Okay. Also: “a raised flooring or other horizontal surface, such as, in a hall or meeting place, a stage for use by public speakers, performers, etc.”

Not helpful. Let’s skip a few.

“A place for public discussion; forum.
Closer, but a dictionary is probably not the place to look. A Google search gets me those definitions again, some diagrams, and pictures of oil rigs (???). Okay.
Search on “writing platform.” First link: a book entitled “Create Your Writer Platform” by Chuck Sambuchino. The other links that come up: various how-to-build-a-writing-platform posts that look like a good place to start on my journey, but right now I’m not journeying.

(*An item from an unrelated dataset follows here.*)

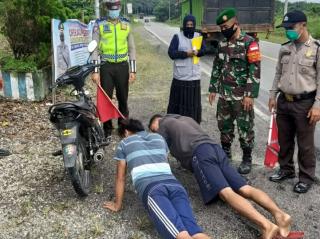 Langgar Protokol Kesehatan, Babinsa Koramil 09/Langgam Beri Sanksi Push Up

I’m defining.
A look at that first link (this one) again shows that, while it is primarily about a book being sold, it is actually a post. Aha! Second paragraph: “Platform, simply put, is your visibility as an author.” (Their italics, not mine)
Now, what does that mean? To summarize the rest of the post, a platform is what the author uses to sell their book. It’s my credentials, my social network, my online presence, all the things that I can turn to and use to prove that people will read my book. In general, this kind of thing seems to be more important for nonfiction writers, but it’s becoming more important for fiction writers as well. Having a platform shows that a person is capable of good writing, and of selling that writing.
To sum up, to have a handy little definition that I can use and refer back to: A writing platform is the things you use to gain an audience for your writing.

In other words, it’s the part that’s about sales. Well. I’m not a salesperson. At all. It looks like there’s something I need to start learning about.